# PROBLEM TO SOLVE
Extract exactly the lines from the top of the records through the line containing "Liv Morgan photo 9 of 1800", and keep pictures out of the copy.

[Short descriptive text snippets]
⁂
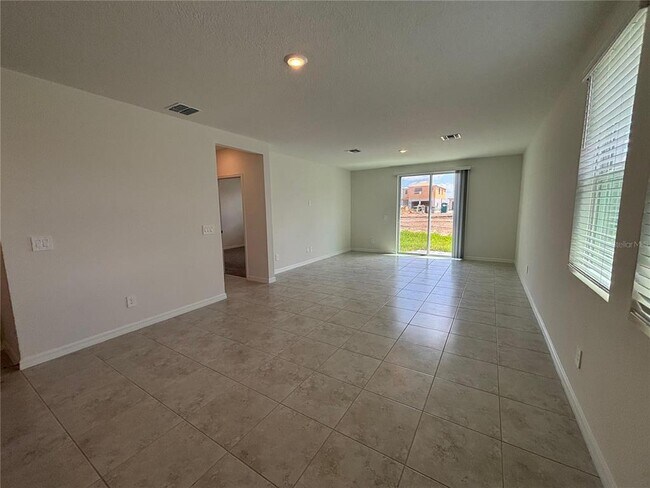 Photo - 5526 Clove Row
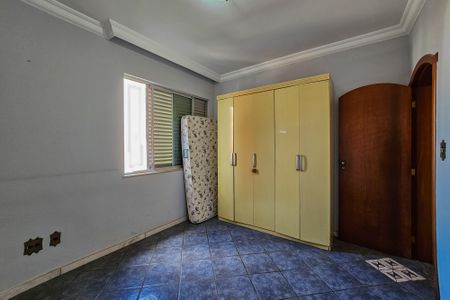 Apartamento à venda com 180m², 4 quartos e 4 vagas Apartamento à venda com 180m², 4 quartos e 4 vagasQuarto 2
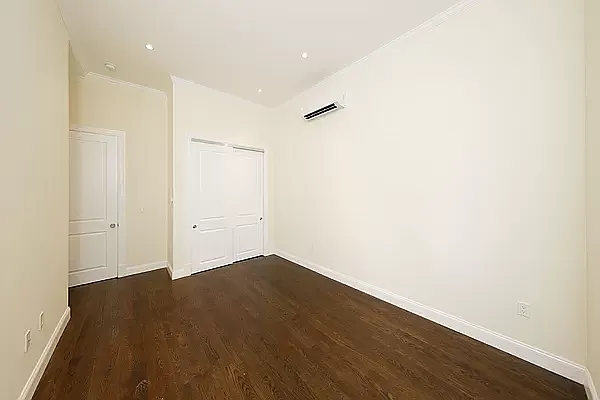 Rented by Avenues Real Estate | media 53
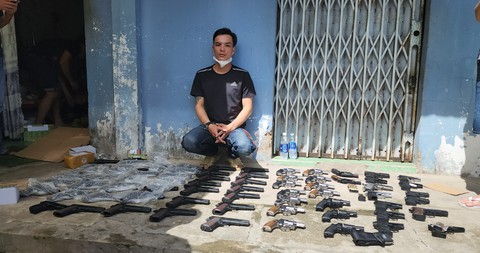 Phá đường dây chế tạo, mua bán vũ khí, công cụ hỗ trợ quy mô lớn ở Kiên Giang - Ảnh 1. Phá đường dây chế tạo, mua bán vũ khí, công cụ hỗ trợ quy mô lớn ở Kiên Giang - Ảnh 1.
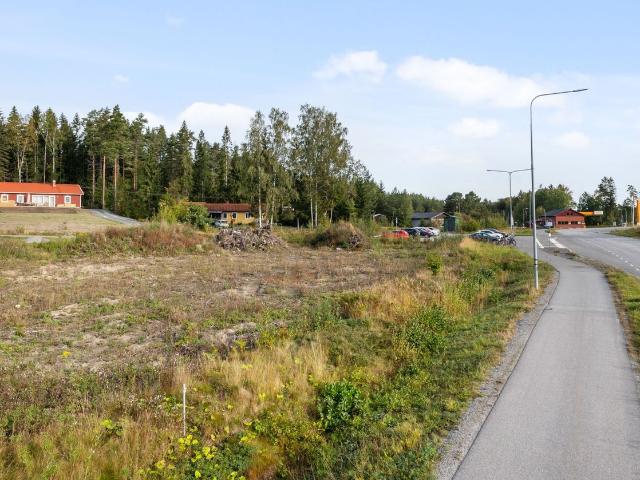 Kommersiellt till salu i Bergshamra Högklintsvägen 3 | Länsförsäkringar Fastighetsförmedling
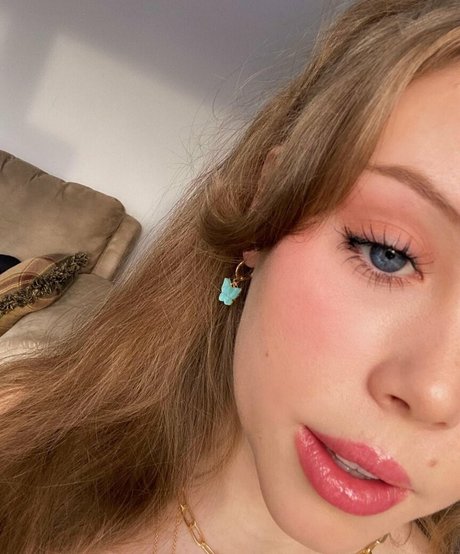 Emily Kyte pornographic model picture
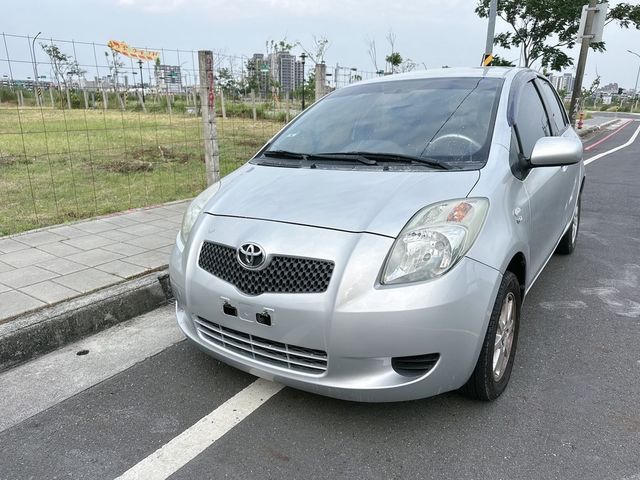 TOYOTA豐田 YARIS  第1張相片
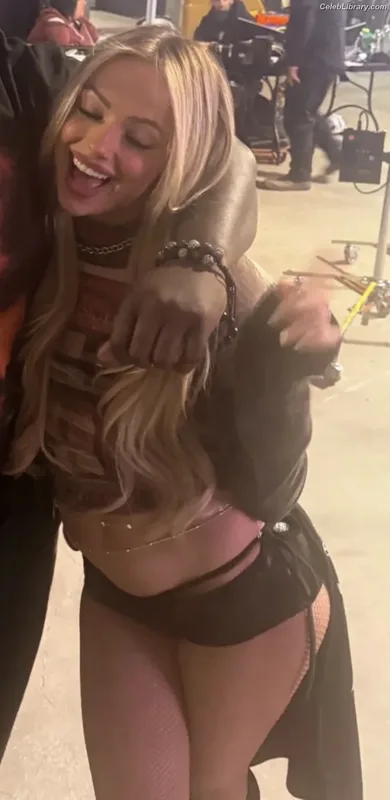 Liv Morgan photo 9 of 1800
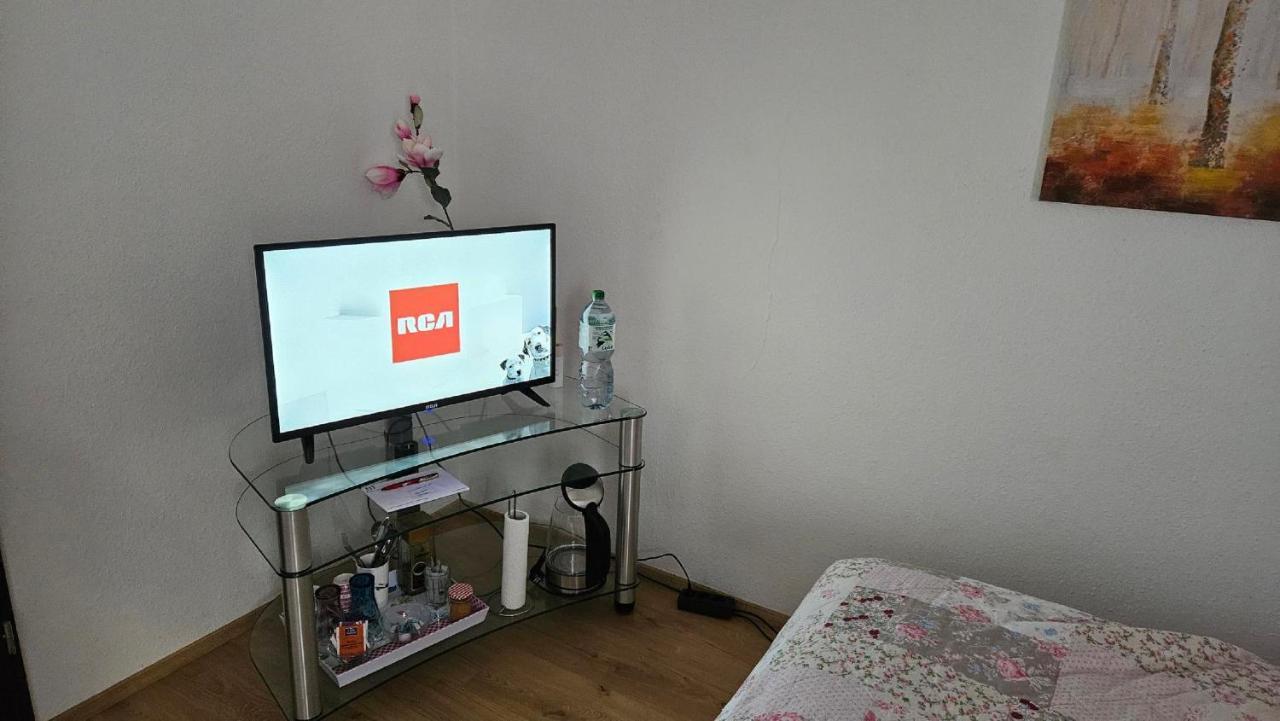 Ferienzimmer Bei Thomas - Gemuetliches Schlaf- Und Wohnzimmer Mit Modernem Bad Ulm Eksteriør billede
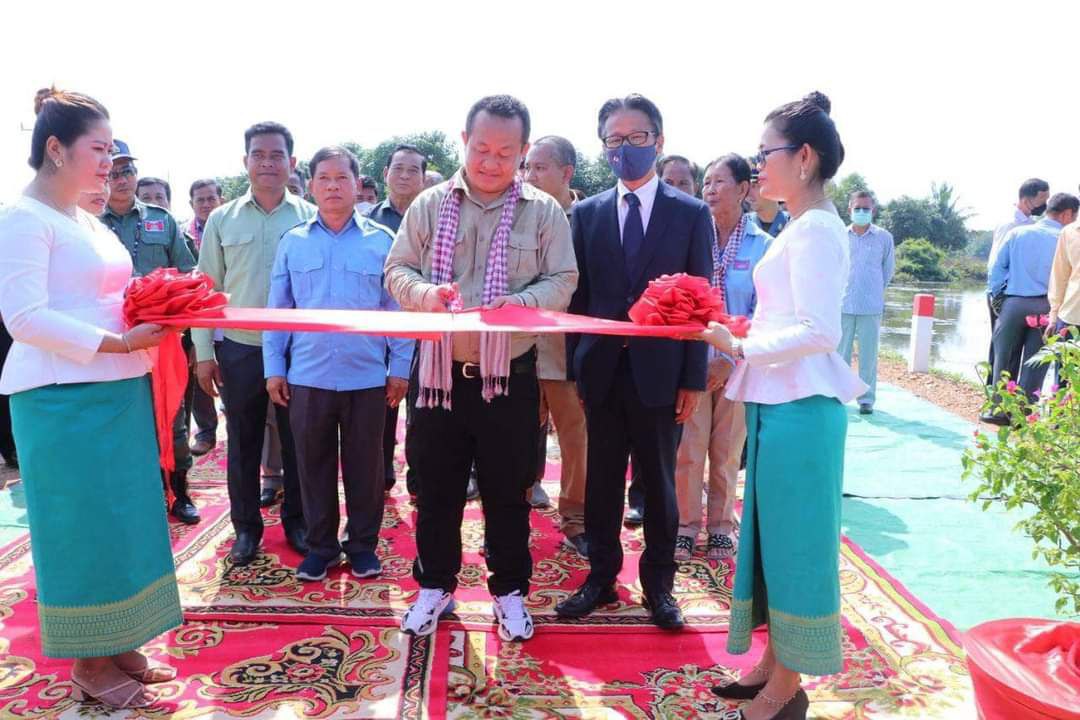 ផ្លូវមួយខ្សែ ស្ថិតនៅក្នុងភូមិ អន្ទង់ស ឃុំពងទឹក ស្រុកដំណាក់ ចង្អើរ ខេត្តកែប ត្រូវបានសម្ភោធ ដាក់ឱ្យប្រើប្រាស់ជាផ្លូវការហើយ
⁂
# FINISHED TASK
 Photo - 5526 Clove Row
 Apartamento à venda com 180m², 4 quartos e 4 vagas Apartamento à venda com 180m², 4 quartos e 4 vagasQuarto 2
 Rented by Avenues Real Estate | media 53
 Phá đường dây chế tạo, mua bán vũ khí, công cụ hỗ trợ quy mô lớn ở Kiên Giang - Ảnh 1. Phá đường dây chế tạo, mua bán vũ khí, công cụ hỗ trợ quy mô lớn ở Kiên Giang - Ảnh 1.
 Kommersiellt till salu i Bergshamra Högklintsvägen 3 | Länsförsäkringar Fastighetsförmedling
 Emily Kyte pornographic model picture
 TOYOTA豐田 YARIS  第1張相片
 Liv Morgan photo 9 of 1800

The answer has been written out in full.